O Órgão Especial do Tribunal de Justiça da Paraíba (TJPB) decidiu, nessa quarta-feira (4), declarar a inconstitucionalidade da expressão “sob a proteção de Deus”, utilizada na abertura dos trabalhos da Assembleia Legislativa da Paraíba (ALPB), e da presença da Bíblia sobre a mesa diretora durante as sessões. A decisão ocorreu após o julgamento da Ação Direta de Inconstitucionalidade (ADI) nº 0814184-94.2024.8.15.0000, proposta pelo Ministério Público do Estado da Paraíba (MPPB).
A relatoria da ação foi da desembargadora Fátima Maranhão, que acompanhou o entendimento do voto-vista do desembargador Ricardo Vital de Almeida. A sessão foi presidida pelo desembargador Fred Coutinho.
Na Ação Direta de Inconstitucionalidade, o MPPB alegou que os dispositivos do Regimento Interno da Assembleia Legislativa, que preveem a expressão religiosa e a presença da Bíblia, violam princípios constitucionais fundamentais. De acordo com o órgão, tais práticas contrariavam os princípios da laicidade do Estado, da liberdade religiosa, da igualdade, da impessoalidade e da neutralidade em relação às religiões. Esses princípios estão garantidos tanto pela Constituição do Estado da Paraíba, nos artigos 5º e 30, quanto pela Constituição Federal, especialmente nos artigos 19, inciso I, e 37.
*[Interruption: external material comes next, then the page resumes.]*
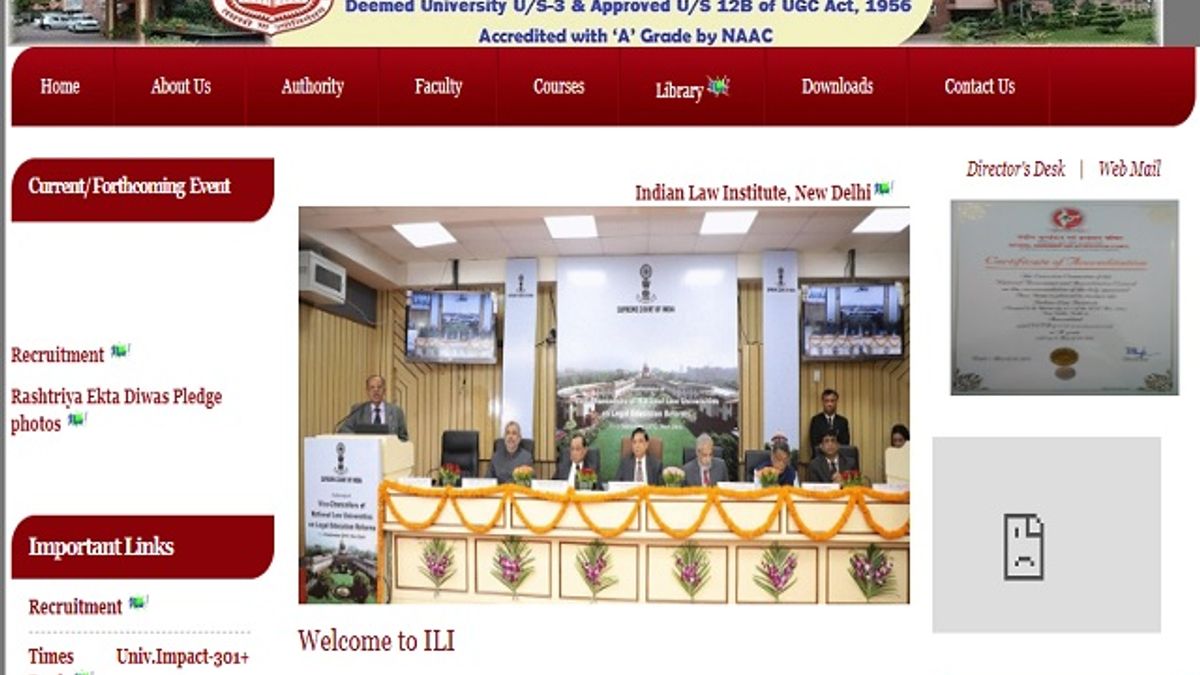 Indian Law Institute (ILI) Professor, Librarian and Assistant Professor Posts 2019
O Ministério Público também argumentou que as normas regimentais impõem práticas de cunho religioso em um ambiente institucional do Estado, o que, segundo o órgão, viola os princípios da legalidade, impessoalidade, isonomia e interesse público.
Em sua defesa, a ALPB argumentou que a expressão “sob a proteção de Deus” e a presença da Bíblia têm caráter meramente simbólico e protocolar, sem impor qualquer conduta religiosa ou obrigatoriedade de adesão, sendo uma prática tradicional adotada em várias casas legislativas do Brasil.
No voto vista, o desembargador Ricardo Vital de Almeida defendeu que a laicidade do Estado exige neutralidade absoluta do poder público em matéria religiosa. Para ele, não basta o Estado não ter religião oficial, é necessário que também não prestigie símbolos, textos ou expressões ligados a uma fé específica.
“Ao obrigar que um livro sagrado, específico de uma vertente religiosa, no caso a bíblia, deva permanecer sobre a mesa diretora durante toda a sessão e ao impor que o presidente invoque a proteção de Deus para a abertura dos trabalhos, o Estado paraibano desborda de sua competência secular para adentrar na esfera do sagrado, sinalizando uma preferência institucional inequívoca”, afirmou.